Abstract

This paper studies the problem of siting renewable power generation assets using large amounts of climatological data while accounting for their spatiotemporal complementarity. The problem is cast as a combinatorial optimisation problem selecting a pre-specified number of sites so as to minimise the number of simultaneous low electricity production events that they experience relative to a pre-specified reference production level. It is shown that the resulting model is closely related to submodular optimisation and can be interpreted as generalising the well-known maximum coverage problem. Both deterministic and randomised algorithms are discussed, including greedy, local search and relaxation-based heuristics as well as combinations of these algorithms.

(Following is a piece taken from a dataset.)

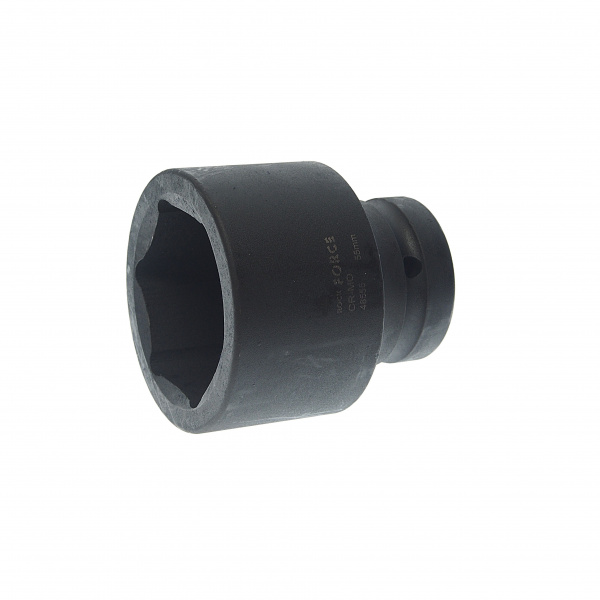 Головка торцевая  55мм 1" 6-гранная ударная L=80мм ROCKFORCE RF-48555 /1 Головка торцевая  55мм 1" 6-гранная ударная L=80мм ROCKFORCE RF-48555 /1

The usefulness of the model and methods is illustrated by a realistic case study inspired by the problem of siting onshore wind power plants in Europe, resulting in instances featuring over ten thousand candidate locations and ten years of hourly-sampled meteorological data. The proposed solution methods are benchmarked against a state-of-the-art mixed-integer programming solver and several algorithms are found to consistently produce better solutions at a fraction of the computational cost. The physical nature of solutions provided by the model is also investigated, and all deployment patterns are found to be unable to supply a constant share of the electricity demand at all times. Finally, a cross-validation analysis shows that, except for an edge case, the model can successfully and reliably identify deployment patterns that perform well on previously unseen climatological data from historical data spanning a small number of weather years.